Extracellular vesicles regulate the human osteoclastogenesis: divergent roles in discrete inflammatory arthropathies.

Author information

1
Department of Genetics, Cell- and Immunobiology, Semmelweis University, Nagyvárad tér 4, 1089, Budapest, Hungary.
2
Institute of Experimental Medicine, Hungarian Academy of Sciences, Budapest, Hungary.
3
Department of Physiology, Semmelweis University, Budapest, Hungary.
4
MTA-SE "Lendület" Inflammation Physiology Research Group of the Hungarian Academy of Sciences and the Semmelweis University, Budapest, Hungary.
5
Institute of Infection, Immunity and Inflammation, University of Glasgow, Glasgow, UK.
6
Department of Genetics, Cell- and Immunobiology, Semmelweis University, Nagyvárad tér 4, 1089, Budapest, Hungary. gyorgyngy@gmail.com.
7
Department of Rheumatology, 3rd Department of Internal Medicine, Semmelweis University, Budapest, Hungary. gyorgyngy@gmail.com.

Abstract

OBJECTIVE:

Extracellular vesicles (EVs) are subcellular signalosomes.

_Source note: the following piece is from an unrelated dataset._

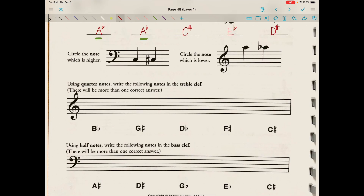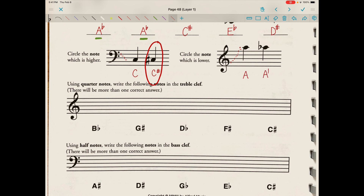Circle the note which is higher. We're in the bass or F clef. Descending from F: E, D, C — this is a C. The other note is a C sharp. Sharps raise pitches by a half step, so the C sharp is the higher note. Circle the note which is lower. We're in the G clef, so line two is G. Ascending: G, A — this is an A. The other note is an A flat. Flats lower a pitch by a half step, so the A flat is our lower pitch.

Although characteristic EV production is associated with numerous physiological and pathological conditions, the effect of blood-derived EVs on bone homeostasis is unknown. Herein we evaluated the role of circulating EVs on human osteoclastogenesis.

METHODS:

Blood samples from healthy volunteers, rheumatoid arthritis (RA) and psoriatic arthritis (PsA) patients were collected. Size-based EV sub-fractions were isolated by gravity-driven filtration and differential centrifugation. To investigate the properties of EV samples, resistive pulse sensing technique, transmission electron microscopy, flow cytometry and western blot were performed. CD14+ monocytes were separated from PBMCs, and stimulated with recombinant human M-CSF, RANKL and blood-derived EV sub-fractions. After 7 days, the cells were fixed and stained for tartrate-resistant acid phosphatase and counted.

RESULTS:

EVs isolated by size-based sub-fractions were characterized as either microvesicles or exosomes (EXO). Healthy (n = 11) and RA-derived (n = 12) EXOs profoundly inhibited osteoclast differentiation (70%, p < 0.01; 65%, p < 0.01, respectively). In contrast, PsA-derived (n = 10) EXOs had a stimulatory effect (75%, p < 0.05). In cross-treatment experiments where EXOs and CD14+ cells were interchanged between the three groups, only healthy (n = 5) and RA (n = 5)-derived EXOs inhibited (p < 0.01, respectively) the generation of osteoclasts in all groups, whereas PsA (n = 7)-derived EXOs were unable to mediate this effect.

CONCLUSIONS:

Our data suggest that blood-derived EXOs are novel regulators of the human osteoclastogenesis and may offer discrete effector function in distinct inflammatory arthropathies.

KEYWORDS:

Exosome; Microvesicle; Osteoclast; Psoriatic arthritis; Rheumatoid arthritis

PMID:
28493076
DOI:
10.1007/s00018-017-2535-8
[Indexed for MEDLINE]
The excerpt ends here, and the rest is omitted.